しかし、ローズにも落ち度がないわけではない。
復活を期してベテラン最低保証額でキャブズと契約したローズは、プレシーズンから開幕まで順調だった。ただ、足首の負傷をきっかけに歯車が狂い出す。チームを離れて別行動を取ったローズについては、ここ何年も長期離脱となるケガの連続に心が折れ、現役引退も考えているとまで報じられた。復帰後に本人はこの報道を否定したが、ニックスに所属した昨シーズン中には、『一身上の都合』でチームに無断で試合を欠場してもいる。真実がどうであれ、こうした行動が2シーズンも続いてしまえば、どのチームもローズの仕事に対する姿勢を疑問視してしまう。
ローズのプレースタイルにフィットするチームと契約できれば、ポイントガードとして活躍する機会は得られるだろう。ただ、熾烈なプレーオフ争いを繰り広げている強豪チームの場合、今から新たな選手を加えてケミストリーを構築する暇はない。これから上位チームが契約するのは、即時フィット可能な選手に限られてしまうため、ローズとの契約はためらわれる。

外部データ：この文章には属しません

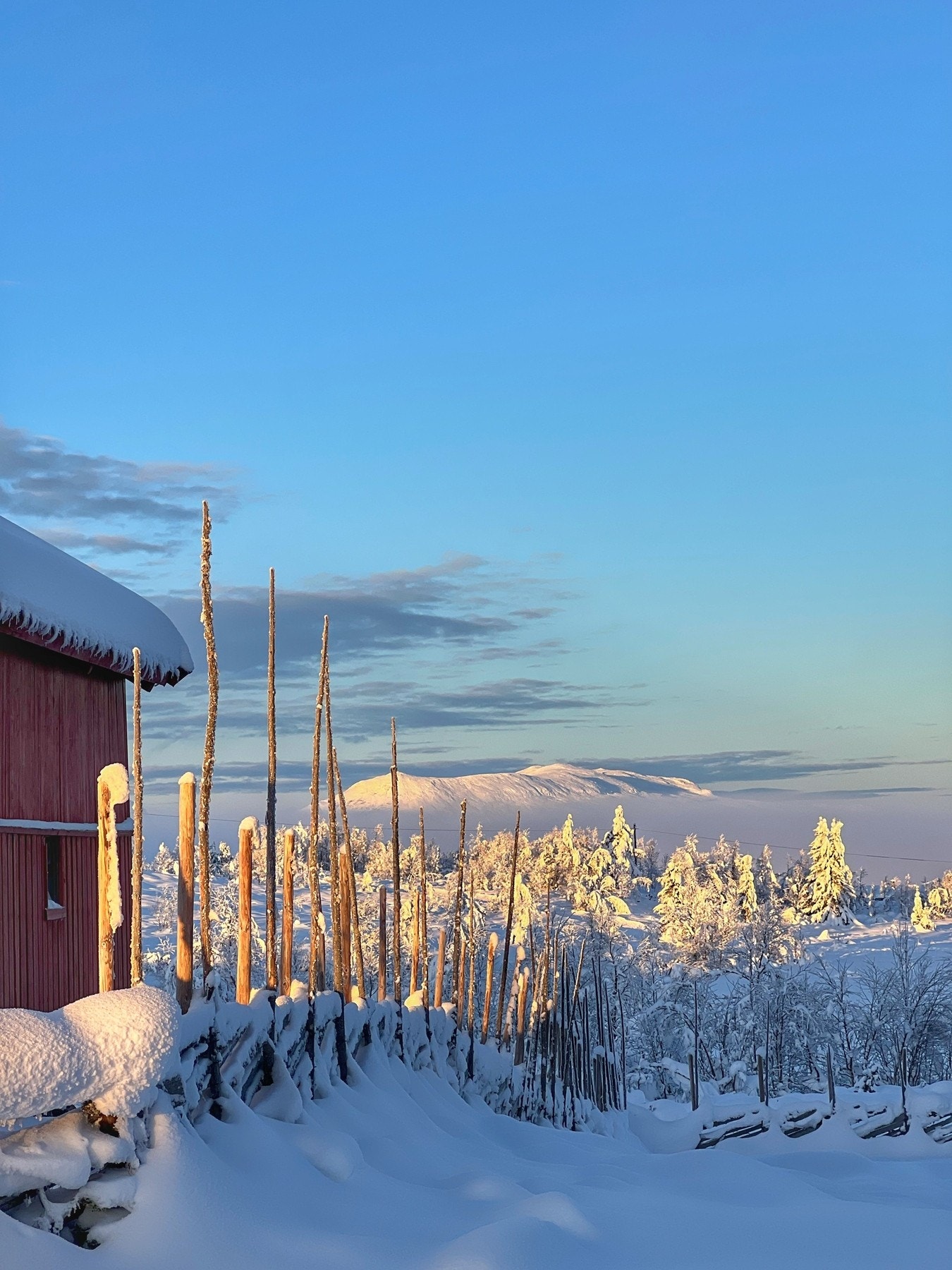 Bilde fra selgers arkiv Galleribilde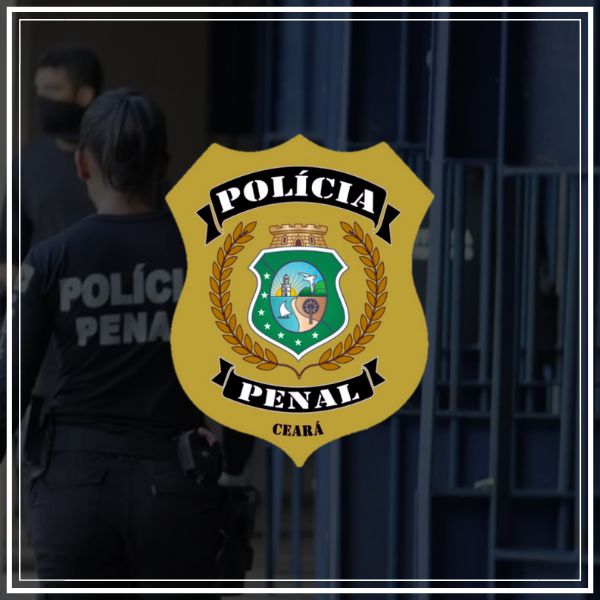 pacote de simulados concurso ppce 2024 policial penal
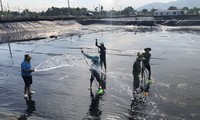 Vietnam Diprakirakan Jadi Negara Produsen Udang Utama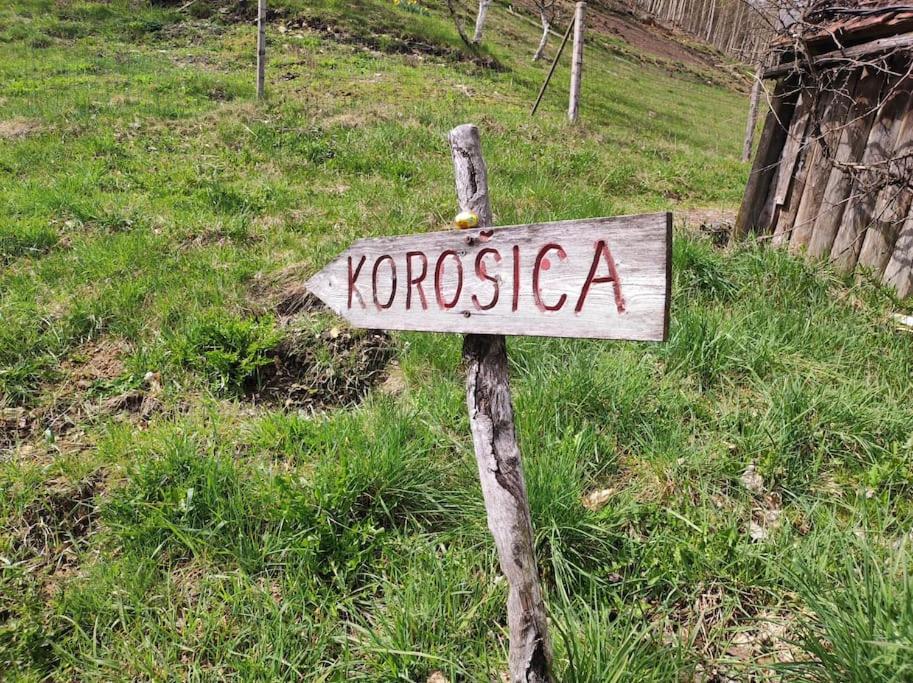 Apartma Discovering Slovenia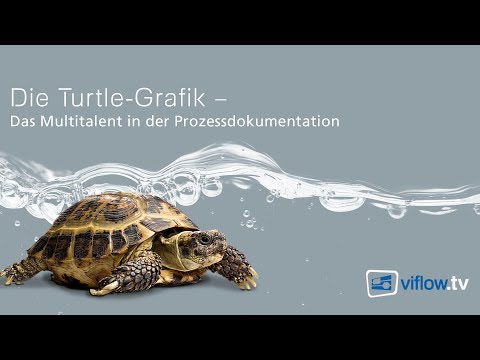 Video: Turtle FAQs: Welche Art Von Turtle Habe Ich & Mehr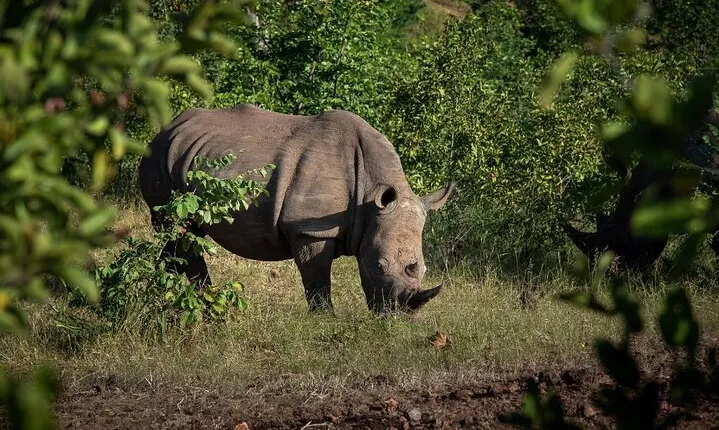 Rhino Walk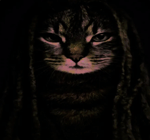 (22) Homeless Zimbawae dont use this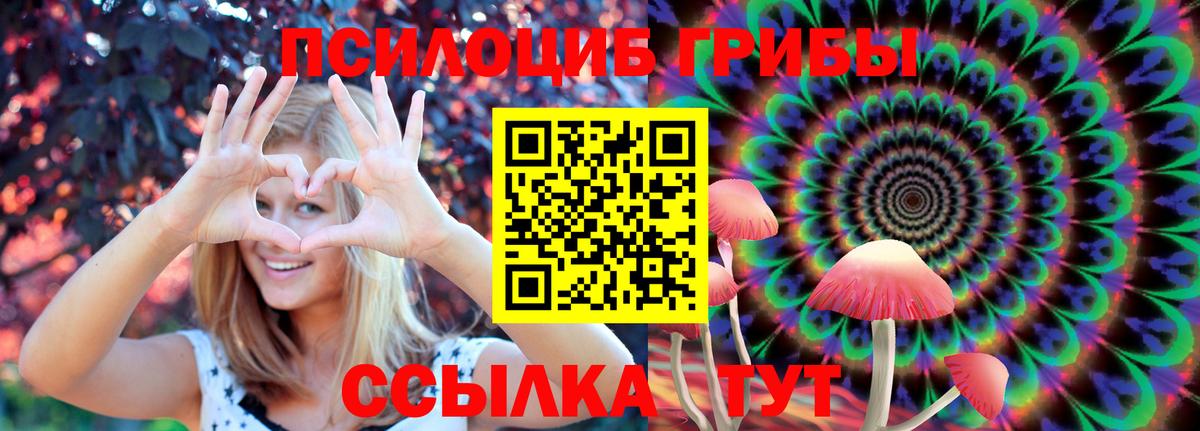 Псилоцибиновые грибы Cubensis  Вход с VPN  Галлюциногенные грибы мицелий  Тула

とはいえ、このまま所属チームがないまま時間を過ごすのも惜しい。ニックスでの昨シーズンは平均18得点を記録。今のローズはお世辞にもNBAのトップ選手とは言えないが、それでもNBAレベルでの戦力としては十分に計算できる。
ローズの復活を願っているファンは世界中にいる。だが、これが現実だ。もし長期契約を求めているのであれば、10日間契約であってもコートに出てチームの勝利に貢献し、次のチャンスを掴むしかない。ローズが迷い込んだ長いトンネルの出口は、まだ見えない。